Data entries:
=======

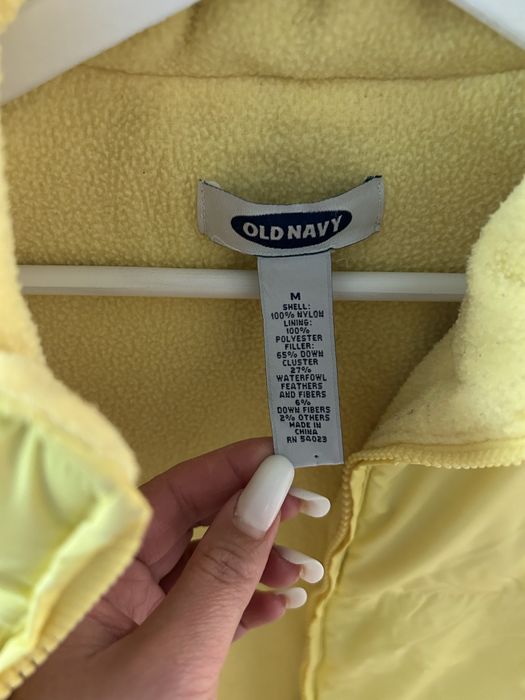 Vesta marca OLD NAVY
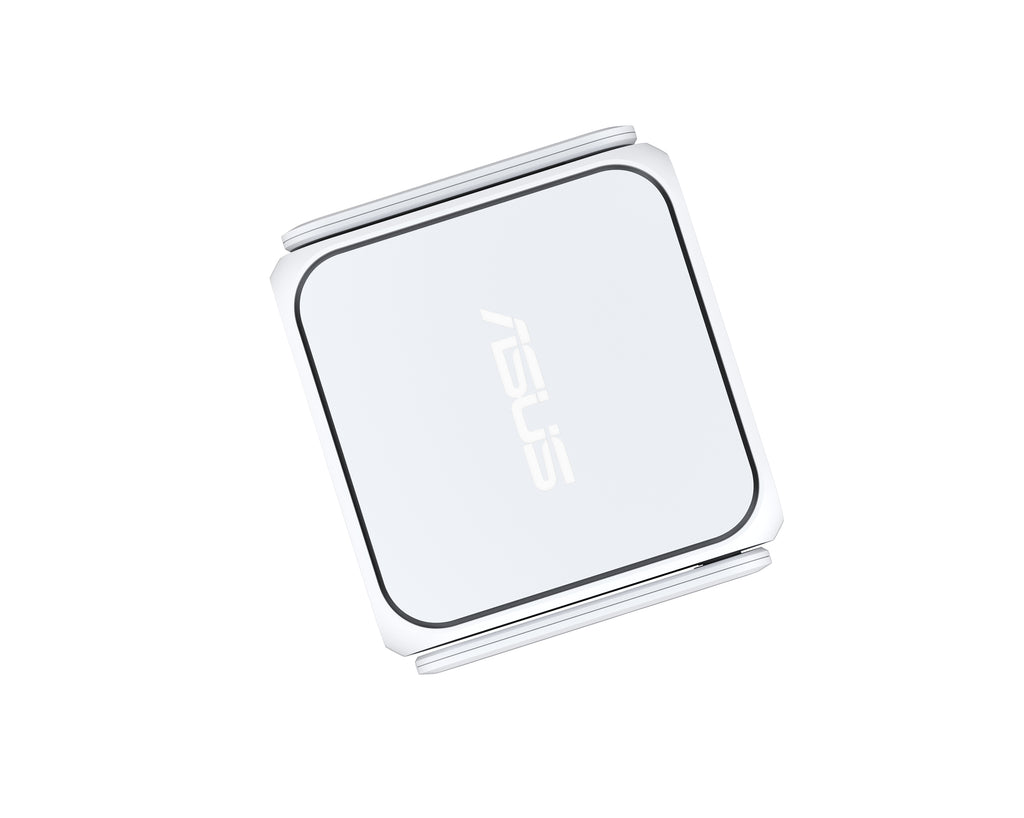 ASUS RT-BE58 Go routeur sans fil 2.5 Gigabit Ethernet Bi-bande (2,4 GHz / 5 GHz) Blanc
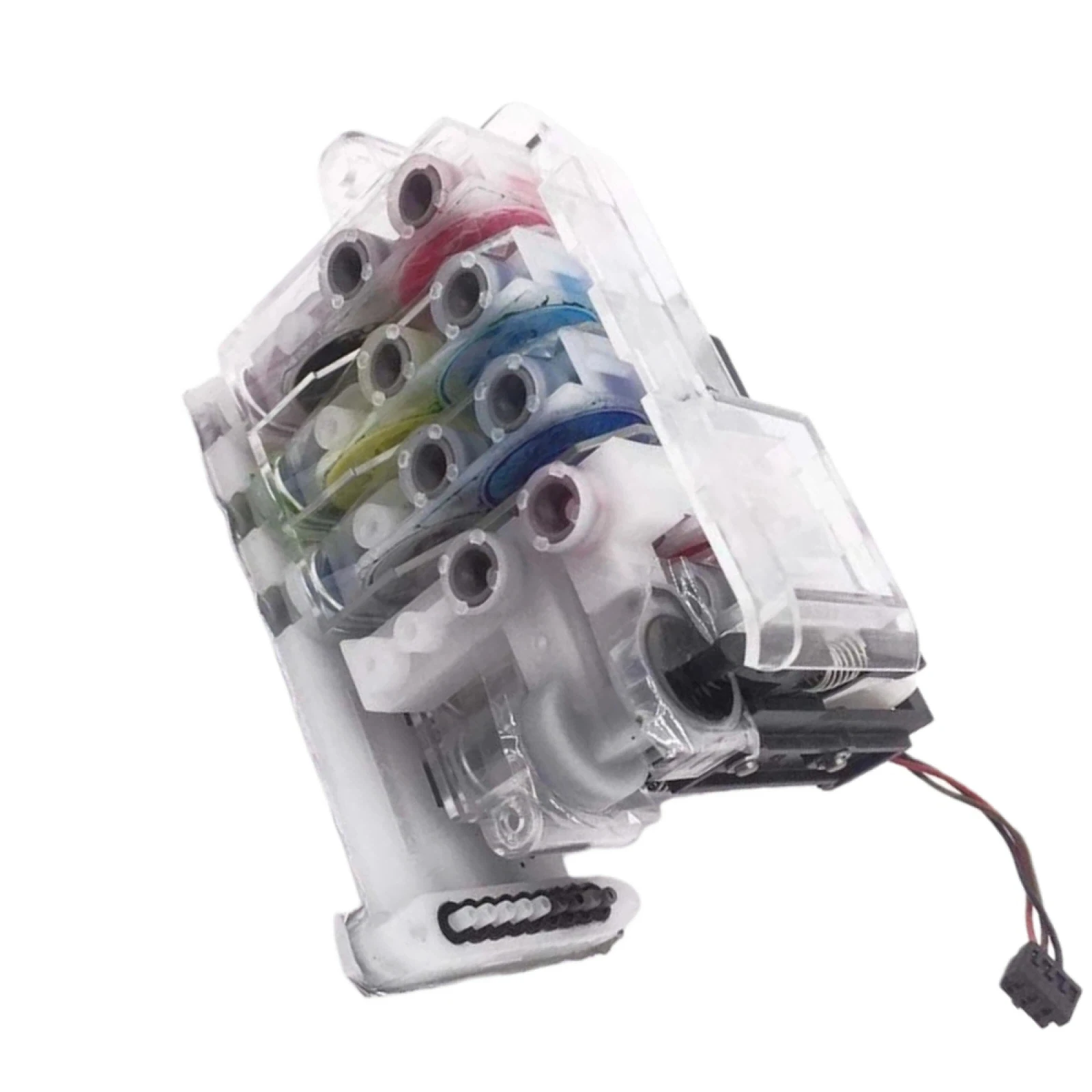 مجموعة محدد الحبر تناسب Epson Stylus Pro 3890 3800C 3850 3880 P800 P808 3800 3880C #4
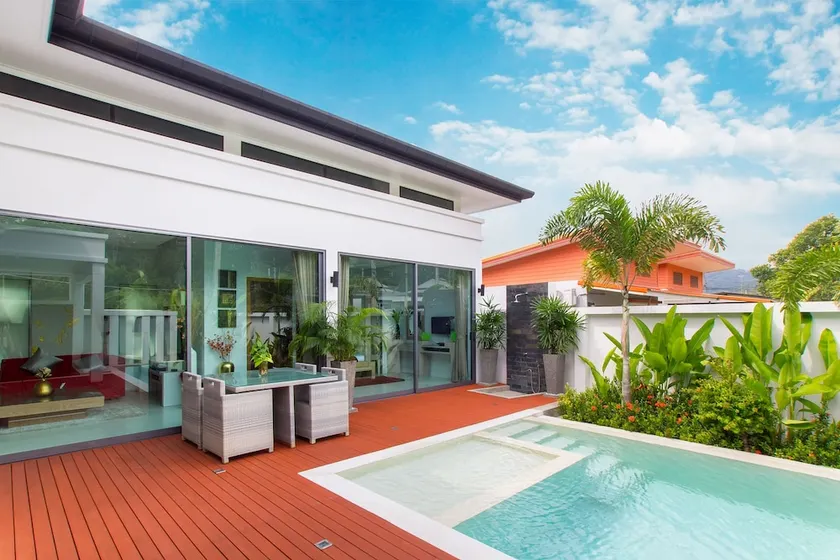 Exclusive Pool Villa Residence - Image 1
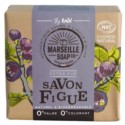 Mydło marsylskie figa EcoCert 100 g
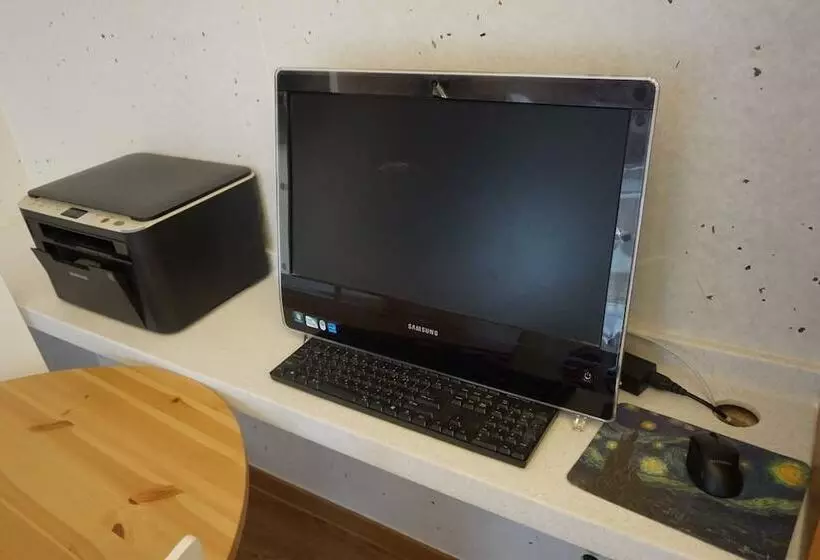 Pension Go Woon Dang Hanok Guest House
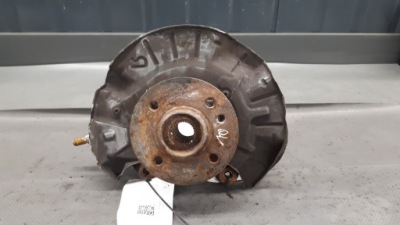 621654 поворотный кулак правый перед mini cooper r53 1.6 2 фото №1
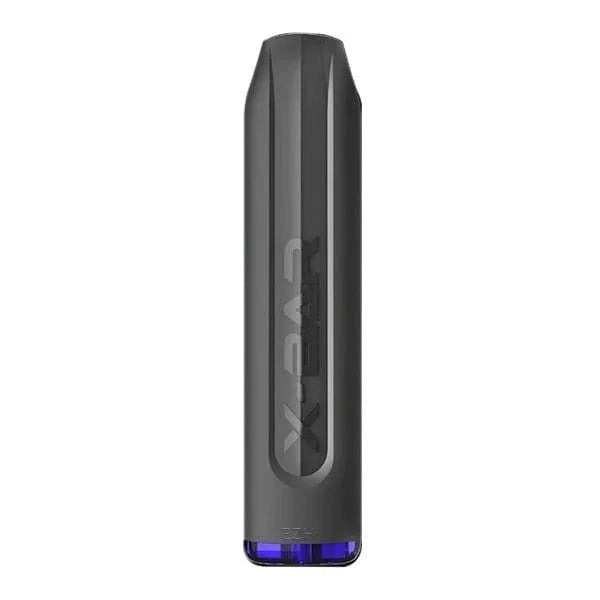 Schlanker und leichter X-Bar 650 Vape Pen von J Well, ideal für unterwegs mit starker Batterieleistung. Entdecke die Vielfalt!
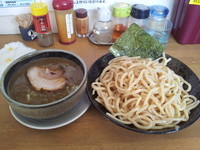 「つけ麺」@MENYA 食い味の道有楽の写真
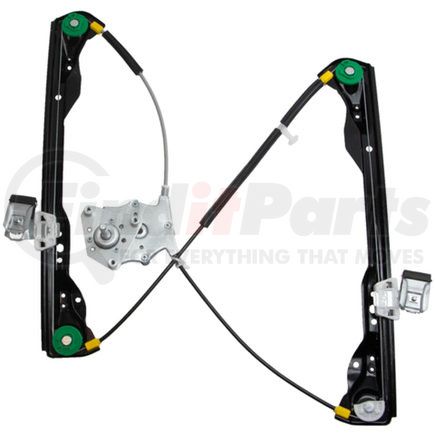 81948 by ACI WINDOW LIFT MOTORS - Manual Window Regulator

=======

REQUIRED WORK:
Pictures are not part of the copy. Extract exactly the lines from the line containing "ASUS RT-BE58 Go" through the final line of the entries above, both included.

WORKED SOLUTION:
 ASUS RT-BE58 Go routeur sans fil 2.5 Gigabit Ethernet Bi-bande (2,4 GHz / 5 GHz) Blanc
 مجموعة محدد الحبر تناسب Epson Stylus Pro 3890 3800C 3850 3880 P800 P808 3800 3880C #4
 Exclusive Pool Villa Residence - Image 1
 Mydło marsylskie figa EcoCert 100 g
 Pension Go Woon Dang Hanok Guest House
 621654 поворотный кулак правый перед mini cooper r53 1.6 2 фото №1
 Schlanker und leichter X-Bar 650 Vape Pen von J Well, ideal für unterwegs mit starker Batterieleistung. Entdecke die Vielfalt!
 「つけ麺」@MENYA 食い味の道有楽の写真
 81948 by ACI WINDOW LIFT MOTORS - Manual Window Regulator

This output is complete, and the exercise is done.